Zillow’s inflation forecasts

From February 2022, when we were dumb enough to sign a contract to buy a house:

The market will go up 23%.

In April, when we were dumb enough to close on a house:

The market has gone up a little and will go up 18.3 percent more.

In June, Zillow is busy celebrating Pride Month (from 2020: “They’re bold, bright and one-of-a-kind — they’re the homes we love, Pride-month style. We may not be celebrating together in person, but we’ll never stop celebrating what’s beautiful.”), but the company’s robot still has time to say that the forecast is 14.6 percent:

August 5, 2022, the “typical home value” is up by a staggering amount and the forecast is 7.8 percent more:

August 14, 2022, the “typical home value” is still up (yet houses have seemingly been slow to sell for a few months now and there have been many price cuts) and, with the Inflation Reduction Act nearly signed by the vigorous Vanquisher of Corn Pop, the inflation forecast is down to 5.3 percent:

These forecasts aren’t mutually inconsistent. If we take the starting “typical home value” and inflate it by the forecast 23.1 percent increase we get $647,098 for the expected typical home value in February 2023. If, indeed, the current value is already $627,655, the forecast 5.3 percent inflation rate (to August 2023) will make that happen.

Do we believes these precise forecasts? If so, should Joe Biden ask Zillow to come in and take over the Fed?

Separately, speaking of house price inflation, it occurs to me that the capital gains tax applied to homeowners does not make any sense. Suppose that Dana Dentist, a gender-neutral driller of teeth, purchased a 4BR house for $500,000 fifteen years ago. Dana falls in love with someone he/she/ze/they met at a Pride March in another city. Dana sells his/her/zir/their house for $1.5 million (in 2022 mini-dollars) and buys an identical size/quality house in the new sweetheart’s city, which just so happens to cost $1.5 million. Dana is no better off. He/she/ze/they has exactly the same size and quality of house. Yet the IRS now hits him/her/zir/them for capital gains and Obamacare investment income tax on $750,000 (the first $250,000 of gain on a primary residence is exempt). There may be state capital gains taxes to pay as well if Dana did not live in Texas, Florida, or a similar state.

Note that this wouldn’t happen to a commercial property owner. If he/she/ze/they sold House 1, which had been rented out, and bought House 2 in order to rent it out, the sale/purchase would be done in a 1031 exchange and there would be no tax on the fictitious capital gain until, perhaps, House 2 was sold and not replaced.

What’s the downside of the Feds and states taxing fictitious capital gains? By making moving more expensive, the policy discourages people from moving for better career opportunities and, thus, reduces the overall growth rate of the U.S. economy (not as much as our family law system does, but at least to some extent).

8 thoughts on “Zillow’s inflation forecasts

  1. While I cannot speak to any of your tax questions, Zillow is way high on prices.
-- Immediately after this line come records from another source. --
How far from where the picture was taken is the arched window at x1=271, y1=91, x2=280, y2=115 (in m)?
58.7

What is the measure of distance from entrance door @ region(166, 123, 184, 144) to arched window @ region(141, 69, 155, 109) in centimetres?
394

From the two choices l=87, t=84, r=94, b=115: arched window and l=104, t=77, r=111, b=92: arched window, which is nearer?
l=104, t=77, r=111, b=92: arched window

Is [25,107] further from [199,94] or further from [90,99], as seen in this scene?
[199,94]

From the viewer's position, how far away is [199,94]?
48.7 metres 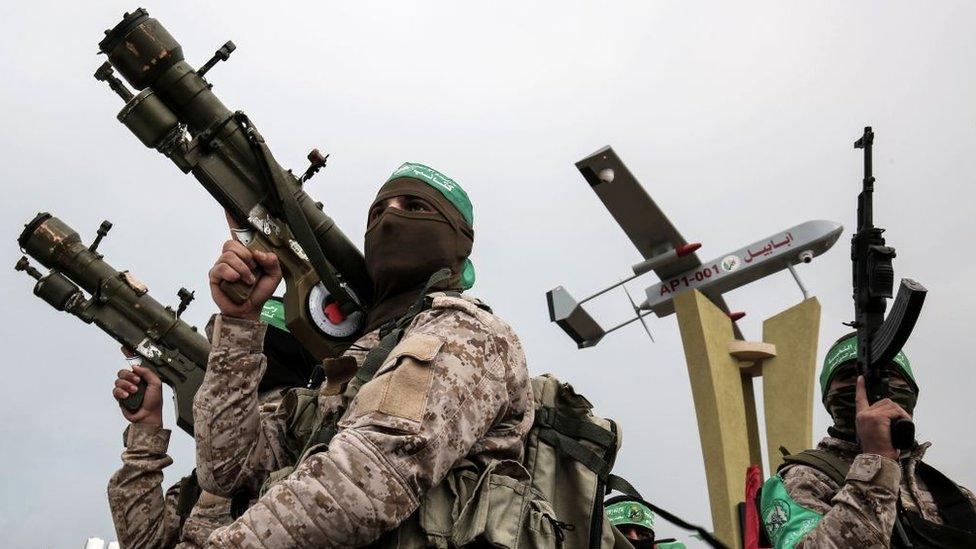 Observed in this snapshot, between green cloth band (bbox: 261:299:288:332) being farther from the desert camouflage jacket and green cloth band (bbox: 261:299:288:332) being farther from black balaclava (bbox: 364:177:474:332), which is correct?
black balaclava (bbox: 364:177:474:332)

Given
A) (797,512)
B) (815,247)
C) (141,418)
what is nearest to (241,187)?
(141,418)

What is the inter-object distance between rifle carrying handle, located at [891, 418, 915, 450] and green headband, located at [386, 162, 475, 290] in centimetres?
172

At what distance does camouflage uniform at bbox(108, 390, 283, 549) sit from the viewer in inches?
177

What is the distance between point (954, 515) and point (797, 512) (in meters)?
0.65

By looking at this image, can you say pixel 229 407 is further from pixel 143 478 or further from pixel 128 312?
pixel 128 312

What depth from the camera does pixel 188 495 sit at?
4.45 metres

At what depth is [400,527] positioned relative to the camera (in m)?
2.49

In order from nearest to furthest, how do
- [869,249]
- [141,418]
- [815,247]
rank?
[869,249] < [141,418] < [815,247]

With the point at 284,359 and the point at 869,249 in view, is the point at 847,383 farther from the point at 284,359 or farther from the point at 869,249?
the point at 284,359

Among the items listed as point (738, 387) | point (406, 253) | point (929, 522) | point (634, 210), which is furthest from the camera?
point (634, 210)

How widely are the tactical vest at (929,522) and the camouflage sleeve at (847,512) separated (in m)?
0.12

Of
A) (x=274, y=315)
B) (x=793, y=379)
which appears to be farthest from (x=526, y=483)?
(x=793, y=379)

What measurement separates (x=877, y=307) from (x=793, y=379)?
37.7ft

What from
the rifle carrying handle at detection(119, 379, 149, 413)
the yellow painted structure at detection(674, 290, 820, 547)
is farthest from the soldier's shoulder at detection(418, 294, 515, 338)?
the yellow painted structure at detection(674, 290, 820, 547) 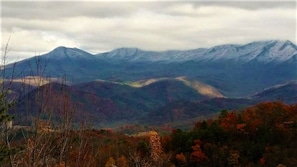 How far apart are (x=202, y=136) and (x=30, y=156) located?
86618 millimetres

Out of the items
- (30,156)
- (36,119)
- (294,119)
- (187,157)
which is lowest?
(187,157)

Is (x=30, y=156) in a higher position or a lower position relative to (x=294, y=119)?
higher

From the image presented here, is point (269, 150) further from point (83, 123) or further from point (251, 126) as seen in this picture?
point (83, 123)

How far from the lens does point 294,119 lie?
3856 inches

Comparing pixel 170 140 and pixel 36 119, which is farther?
pixel 170 140

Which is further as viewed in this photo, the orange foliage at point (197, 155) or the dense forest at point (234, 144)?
the orange foliage at point (197, 155)

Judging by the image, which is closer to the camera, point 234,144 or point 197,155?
point 197,155

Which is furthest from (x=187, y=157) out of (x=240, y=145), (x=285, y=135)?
(x=285, y=135)

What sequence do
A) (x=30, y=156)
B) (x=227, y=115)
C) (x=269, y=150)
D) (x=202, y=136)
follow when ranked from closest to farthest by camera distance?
(x=30, y=156)
(x=269, y=150)
(x=202, y=136)
(x=227, y=115)

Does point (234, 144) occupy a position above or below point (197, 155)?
above

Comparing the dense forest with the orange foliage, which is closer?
the dense forest

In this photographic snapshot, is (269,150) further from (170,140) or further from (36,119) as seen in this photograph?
(36,119)

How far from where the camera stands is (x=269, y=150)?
89125mm

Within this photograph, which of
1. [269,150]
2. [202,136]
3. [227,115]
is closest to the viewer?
[269,150] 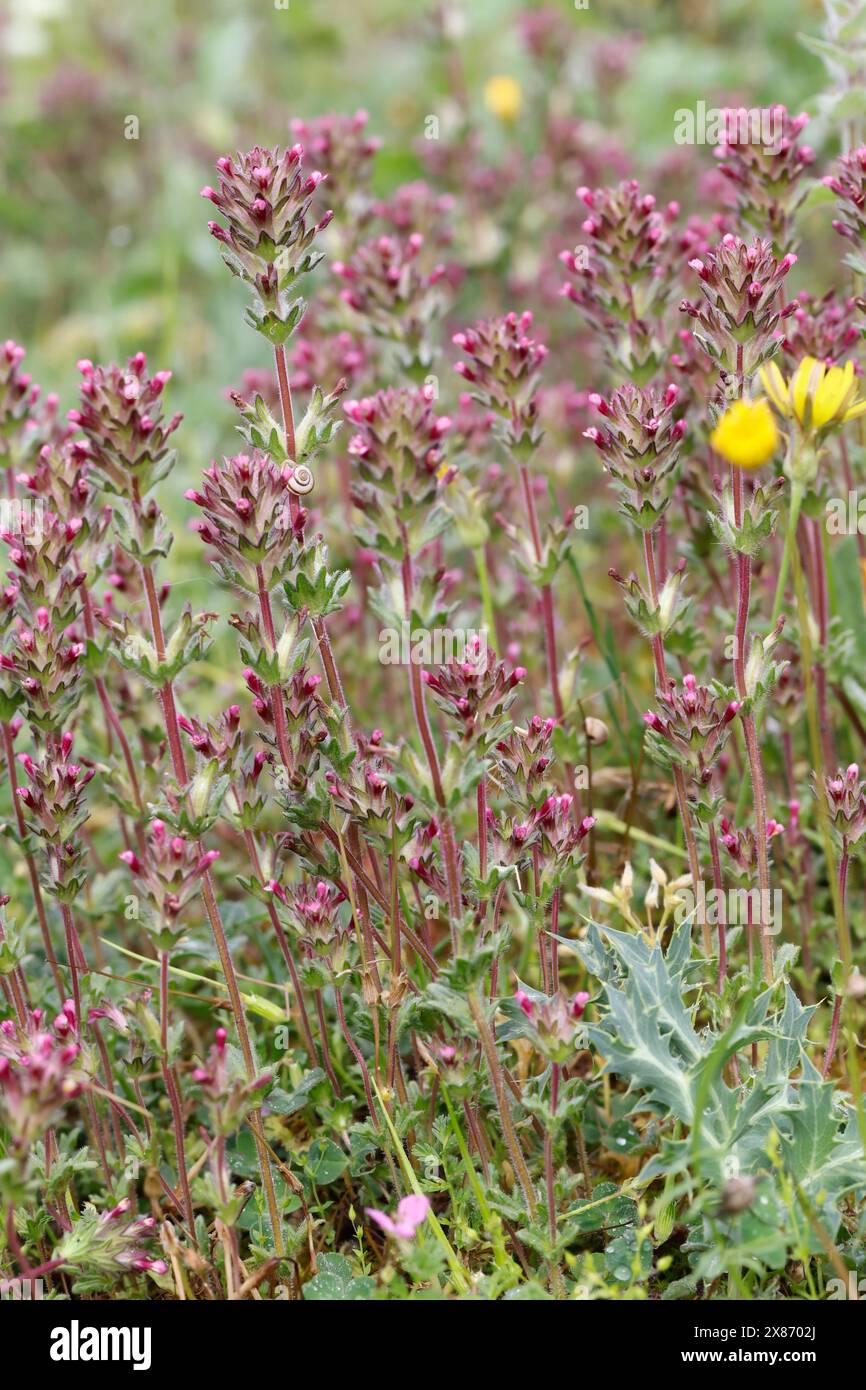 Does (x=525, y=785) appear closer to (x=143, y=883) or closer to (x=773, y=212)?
(x=143, y=883)

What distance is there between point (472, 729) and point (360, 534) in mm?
458

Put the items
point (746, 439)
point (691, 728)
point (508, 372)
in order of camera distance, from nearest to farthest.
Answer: point (746, 439) → point (691, 728) → point (508, 372)

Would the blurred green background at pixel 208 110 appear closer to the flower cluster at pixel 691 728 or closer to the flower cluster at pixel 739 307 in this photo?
the flower cluster at pixel 739 307

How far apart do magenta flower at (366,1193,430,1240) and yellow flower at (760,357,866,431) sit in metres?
1.71

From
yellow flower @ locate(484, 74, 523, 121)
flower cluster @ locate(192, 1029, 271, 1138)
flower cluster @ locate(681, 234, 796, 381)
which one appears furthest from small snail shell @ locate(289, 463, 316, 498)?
yellow flower @ locate(484, 74, 523, 121)

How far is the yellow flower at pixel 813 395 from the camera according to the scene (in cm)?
266

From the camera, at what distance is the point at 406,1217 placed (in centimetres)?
261

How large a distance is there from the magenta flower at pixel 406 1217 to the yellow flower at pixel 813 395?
67.2 inches

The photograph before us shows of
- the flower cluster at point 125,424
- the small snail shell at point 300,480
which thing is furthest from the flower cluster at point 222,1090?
the flower cluster at point 125,424

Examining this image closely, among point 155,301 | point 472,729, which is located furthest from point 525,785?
point 155,301

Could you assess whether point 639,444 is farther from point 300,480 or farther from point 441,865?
point 441,865

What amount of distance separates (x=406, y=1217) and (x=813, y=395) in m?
1.80

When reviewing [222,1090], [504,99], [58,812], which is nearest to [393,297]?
[58,812]
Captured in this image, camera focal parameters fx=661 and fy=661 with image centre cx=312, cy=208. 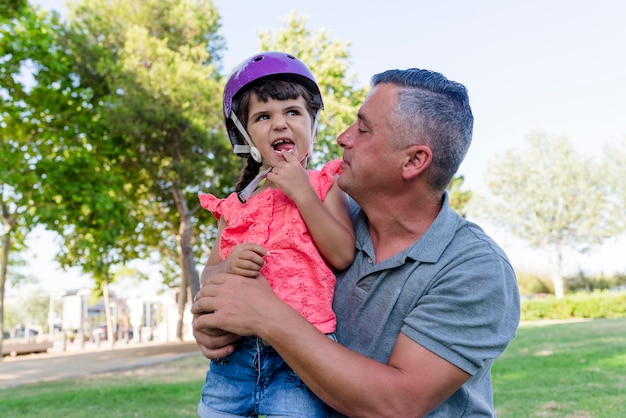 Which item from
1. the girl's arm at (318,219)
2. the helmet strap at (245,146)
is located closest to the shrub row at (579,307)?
the helmet strap at (245,146)

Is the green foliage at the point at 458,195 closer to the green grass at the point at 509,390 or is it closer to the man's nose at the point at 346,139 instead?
the green grass at the point at 509,390

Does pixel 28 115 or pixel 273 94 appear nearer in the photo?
pixel 273 94

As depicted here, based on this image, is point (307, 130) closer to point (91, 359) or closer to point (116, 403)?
point (116, 403)

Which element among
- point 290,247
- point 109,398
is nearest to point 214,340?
point 290,247

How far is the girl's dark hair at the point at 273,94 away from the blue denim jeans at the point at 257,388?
0.80 meters

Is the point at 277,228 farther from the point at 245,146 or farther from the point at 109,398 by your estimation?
the point at 109,398

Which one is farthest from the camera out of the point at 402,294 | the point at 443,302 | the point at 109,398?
the point at 109,398

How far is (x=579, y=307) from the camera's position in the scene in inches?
1243

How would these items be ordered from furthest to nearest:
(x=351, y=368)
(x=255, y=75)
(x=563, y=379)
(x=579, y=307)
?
(x=579, y=307)
(x=563, y=379)
(x=255, y=75)
(x=351, y=368)

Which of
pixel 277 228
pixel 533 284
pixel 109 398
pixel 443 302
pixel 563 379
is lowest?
pixel 109 398

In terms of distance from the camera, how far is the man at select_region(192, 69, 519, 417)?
202 cm

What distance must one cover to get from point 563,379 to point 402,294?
A: 8.58m

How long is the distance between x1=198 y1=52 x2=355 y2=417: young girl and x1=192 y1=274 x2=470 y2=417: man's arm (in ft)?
0.66

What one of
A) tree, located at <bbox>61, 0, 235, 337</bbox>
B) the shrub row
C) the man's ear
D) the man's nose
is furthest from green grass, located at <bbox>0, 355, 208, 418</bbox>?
the shrub row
Maybe they just want to get people to sell? RedFin is much closer to market value, although maybe still a bit on the high side (though hard to tell here in New England!). [also: my realtor recently wrote me that they are no longer impressed with Zillow (maybe they never were?) and wanted me to post a review elsewhere] BTW, my college roommate, Allan, developed the home price index known as Case-Shiller, which is more accurate (especially when localized). This was back when banks were unable to value their mortgage portfolios because the house prices had fallen (and many bank loans were of the non-performing variety). https://www.investopedia.com/articles/mortgages-real-estate/10/understanding-case-shiller-index.asp

  2. Capital gains taxes that are not at the very least indexed to inflation have never made any sense.

  3. Didn’t know that like kind exchanges only applied to investment properties while home owers only get an exemption on $250,000 in capital gains or $1 in 1980 doll hairs. That explains why so many houses are empty rental properties & people rent from themselves.

  4. Capital gains taxes in the presence of inflation are a backdoor wealth tax. Wealth tax is a dream of politicians of many persuasions but us unconstitutional, so I’m sure they were thrilled to discover this “one simple trick.”

  5. > Case-Shiller is awesome

    @philg: maybe Case is awesome, but Shiller? Not so much. On YouTube I watched Shiller lecture Yale students on how they would soon learn to use an amazing technology to model and predict financial markets. He seemed awed but bewildered trying to explain this advanced technology. After a few minutes it dawned on he: was talking about spreadsheets, but was getting all the technical details wrong. Then he tried to explain the history of how it was invented, but he got events+names+dates wrong, confusing VisiCalc with Lotus 123 and Excel. I wondered: how did he ever win a Nobel, and how much of his other work is sloppy too?

  6. You should be putting your house into an LLP! To avoid any capital gains tax just rent the house to yourself for a year. Then rent the house from yourself that you buy. A real estate lawyer can probably set this transaction up for you for less than 10k.

  7. It makes sense when seen as a way to tax the working class who dare try move up the rungs (dentists are workers, just high earning). The goal is twofold: to feed the government machine and to gatekeep the old money class, who are the only true winners in our economic system.